Ne olursa olsun; bir Kuzey Avrupa takımı...
Ancak G.Saray, bu Elfsborg karşısına hem üçlü savunma hem de çift santrforla çıktı.
Biraz mecburiyetten, biraz da kadro kalitesinden olsa gerek.
Bu cesur anlayış tempo ve iştah getirmişti.
Psikolojik üstünlük tamamen G.Saray’dan yanaydı.
Goller de ard arda gelince rakibin gardı erken düştü.
Rigas maçından çıkarılmış dersler var diye düşünmüştük.
İşi şansa ya da riske bırakmak yoktu. (Tabiî bunların hepsi ilk 45 dakika için geçerliydi.)
G.Saray; skoru ve oyunu alınca, işi galiba Beşiktaş maçının çift kale hazırlık antrenmanına çevirmişlerdi. İş bitti, sanmışlardı...

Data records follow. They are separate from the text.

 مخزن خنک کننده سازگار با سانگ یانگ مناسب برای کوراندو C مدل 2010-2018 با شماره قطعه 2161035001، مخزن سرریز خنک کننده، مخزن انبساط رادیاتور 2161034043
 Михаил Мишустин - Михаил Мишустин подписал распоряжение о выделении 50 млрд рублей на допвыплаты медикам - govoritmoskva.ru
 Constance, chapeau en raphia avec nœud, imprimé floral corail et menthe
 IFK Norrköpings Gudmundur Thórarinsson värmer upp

Gevşemişlerdi; halbuki bu takım, 4 eleme turunu geçmişti. Küçümsemek tehlikeliydi.
Barış Alper’in gereksiz elle oynaması, Mertens’in yorgun düşmesi... Arka arkaya goller...
Akıllara bir anda Kasımpaşa, Rigas maçlarını getirdi. Neyse ki; Yunus’un yine çok ince işçilik dolu golü hepsinin üstünü örttü.

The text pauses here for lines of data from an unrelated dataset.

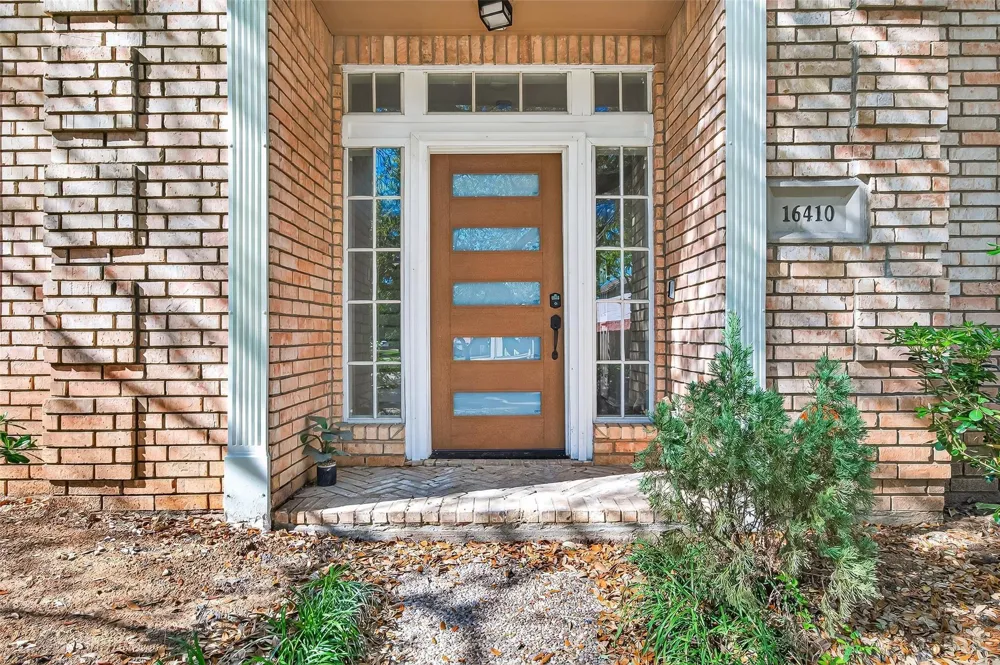 16410 Fondren Grove Drive Missouri City, TX 77489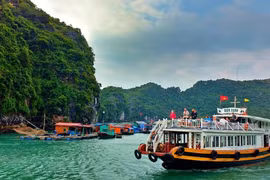 Vịnh Hạ Long vào danh sách mới về du lịch, rác thải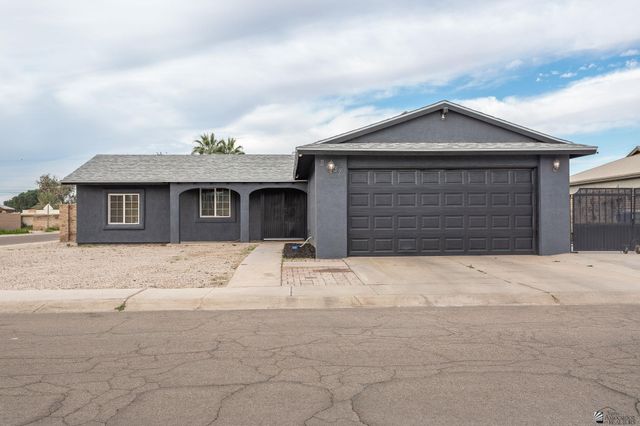 2437 S Louise Ave, Yuma, AZ 85365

65’te Barış Alper, çok dağınık davrandı. Rakibinin önündeki topu eliyle oynayarak kornere attı.
VAR’ın müdahalesi ve kararın açıklanıp maçın başlaması 5 dakika sürdü. Bu kadar beklenecek ne vardı?
MAÇIN NOTU: Ankara’dan gelen şehit haberleri arasında dün akşamki maçı yorumlamak çok zordu. İçimiz yanıyordu. Futbol yazmak, konuşmak içimizden gelmiyordu.